By Lee Xuan Yi
An employment tribunal has ruled that ‘fear of catching coronavirus’ is not a protected belief under the Equality Act 2010.
What happened?
A claimant refused to return to her workplace in July 2020, resulting in her employer withholding salary. The claim was brought on the grounds that due to a large spike in cases at the time, the claimant had a ‘genuine fear’ of contracting COVID-19 and passing it to her high-risk partner.

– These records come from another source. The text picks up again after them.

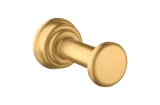 Гачок настінний, Axor Montreux, Brushed Gold Optic 42137250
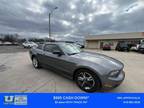2010 Ford Mustang Coupe 2D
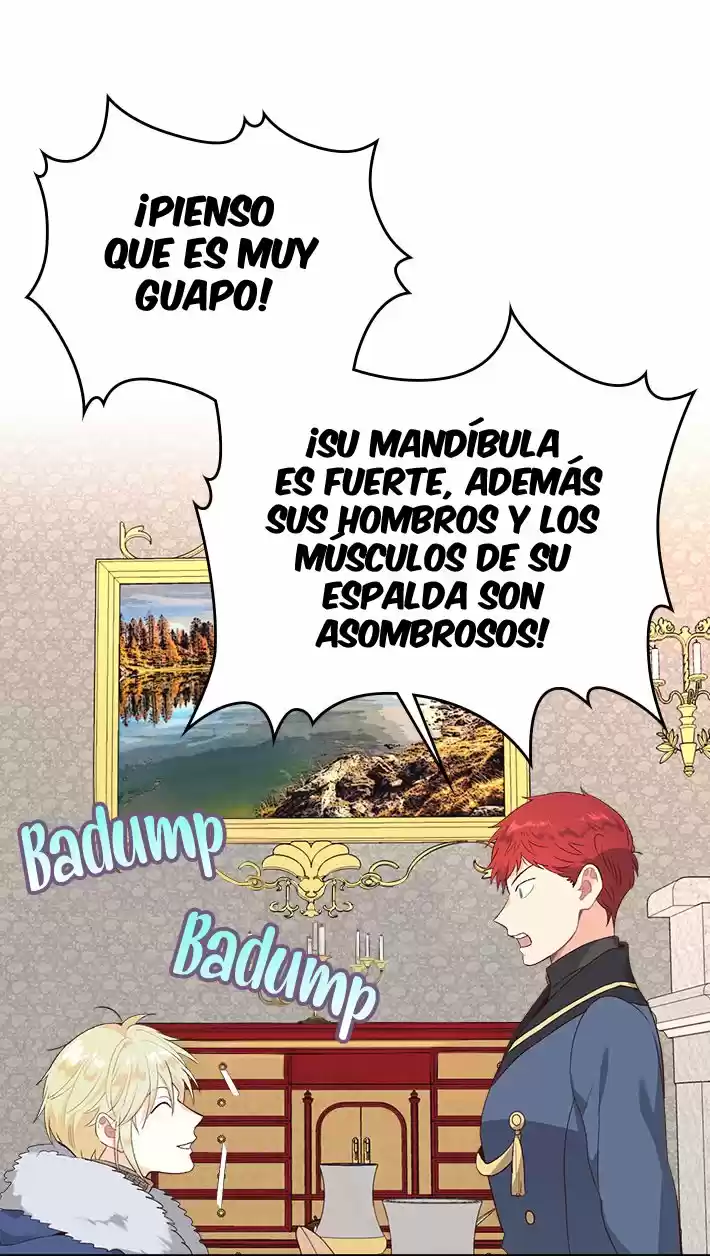 EL EMPERADOR Y SU CABALLERO FEMENINO (2019) - Capítulo 64 - Página 33 - LectorTMOo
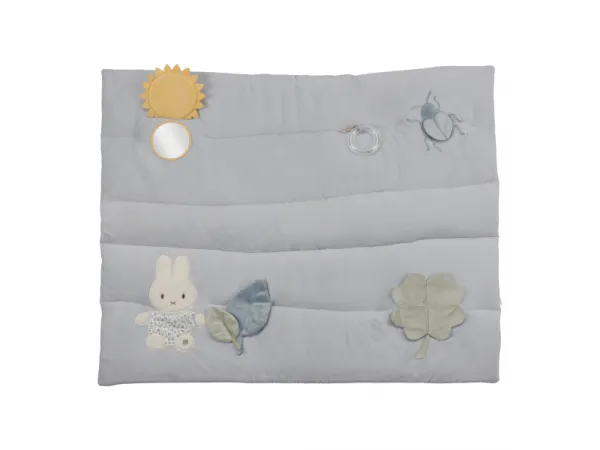 Hracia deka králiček Miffy Lucky Leaves 1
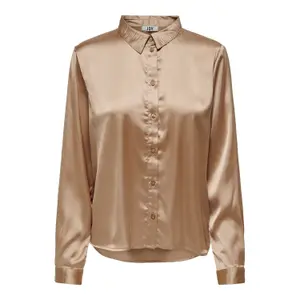Camisa de manga comprida feminina JDY Fifi image-0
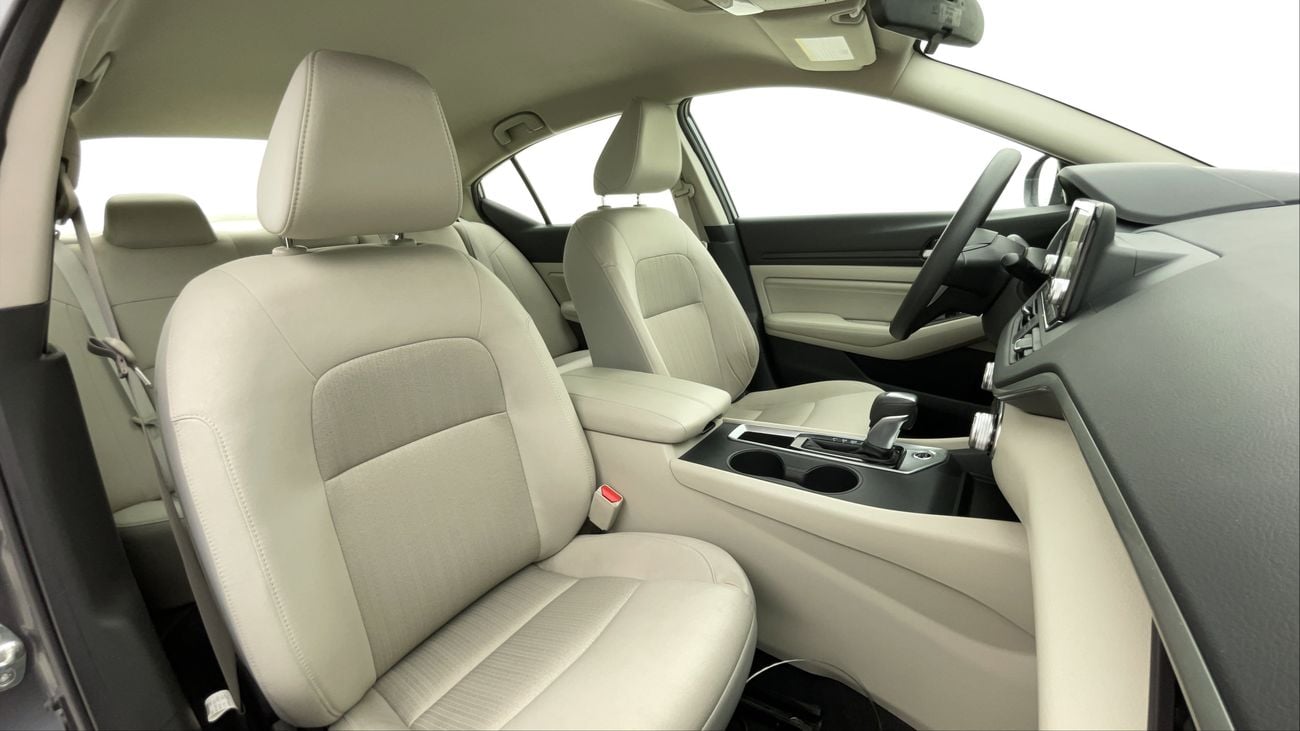 Nissan Altima S 2021 | AED 727/Month | 0 DP | 30 Day Return | Warranty | Service History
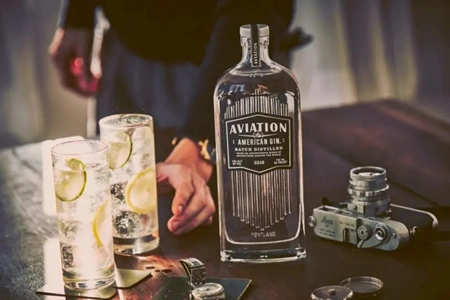 Malfy Gin Arancia 41% 0,7L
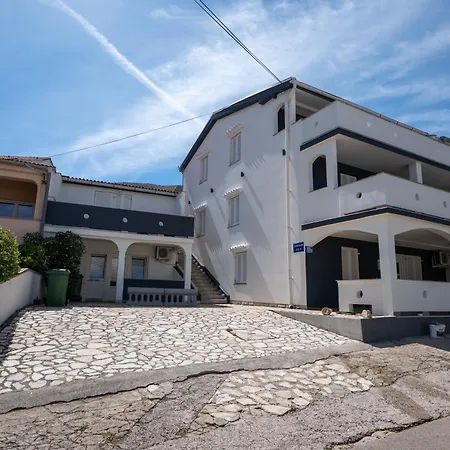 Apartments Tanja & Josipa Pag Town Exterior foto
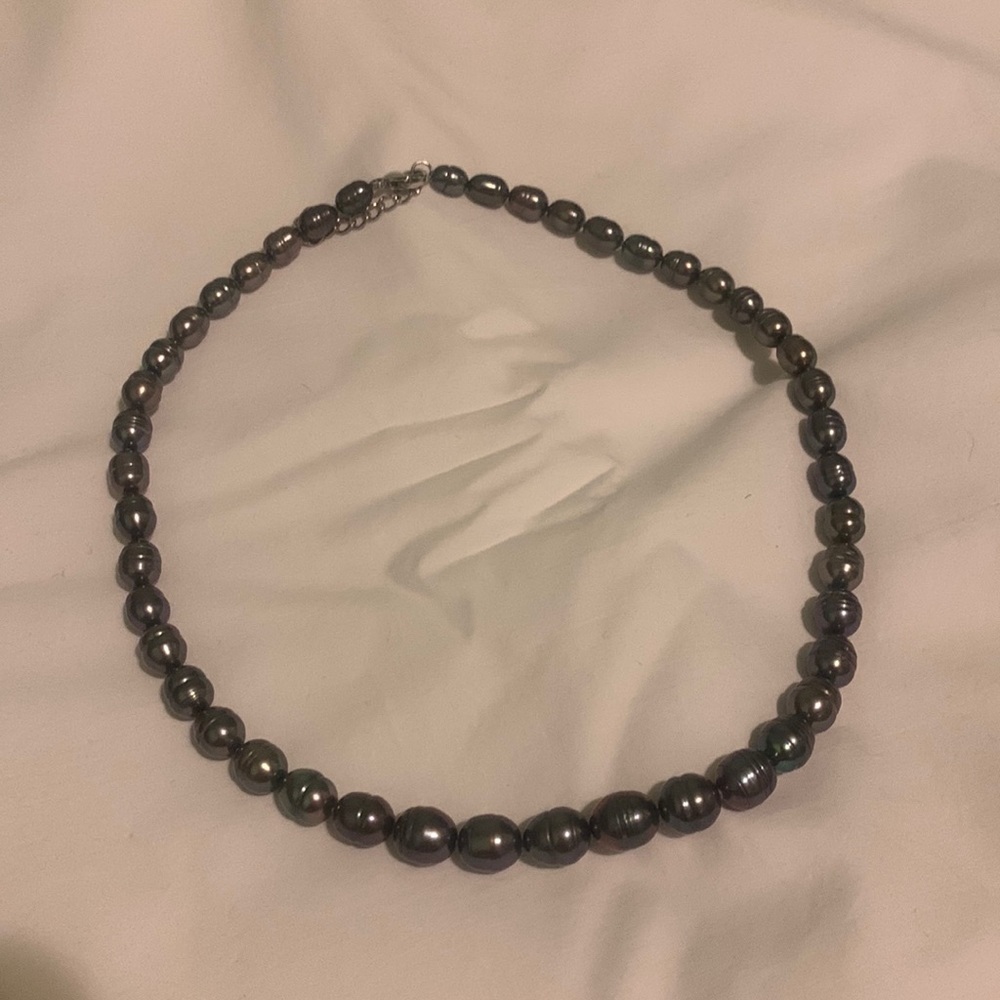 Pearl Necklace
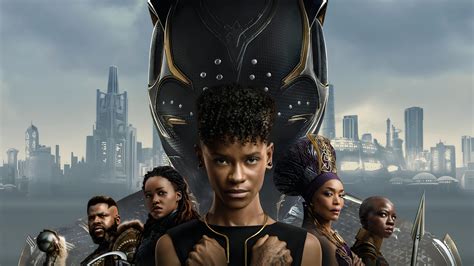 black panther wakanda forever online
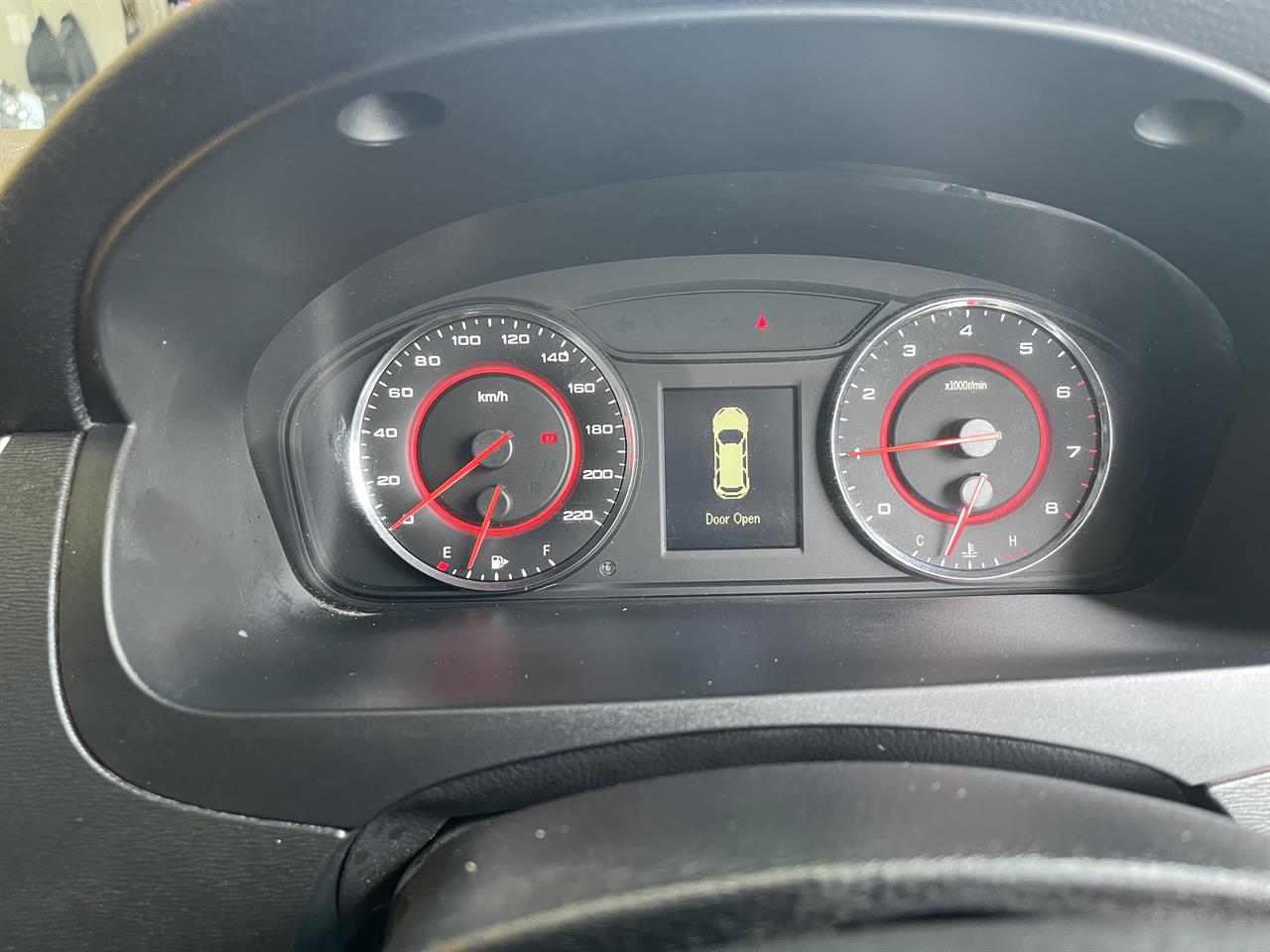 2019 LDV G10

It was argued that this genuine fear amounted to a ‘philosophical belief’ which was protected under s.10(2) Equality Act 2010. The claim alleged that the employer was acting discriminately with regards to beliefs about COVID-19 and its health dangers.
The judgment
The judge rejected this claim, stating that while the claimant’s genuine fear was cogent, it was better described as a widely held opinion rather than a philosophical belief to be protected from discrimination.
What about Singapore?
As of December 2021, Singapore has yet to see an employment claim brought on similar COVID-19 grounds as the UK. Ministry of Manpower guidelines stipulate that by default, provided employees can work from home, employers must ensure that they continue to do so far at least half their working time, measured over a reasonable period not exceeding four weeks. Exceptions exist for the clinically vulnerable, where employers must ‘pay special attention’ and enable teleworking.
Interestingly, there is no obligation on employers in Singapore to accommodate employees with clinically vulnerable persons at home.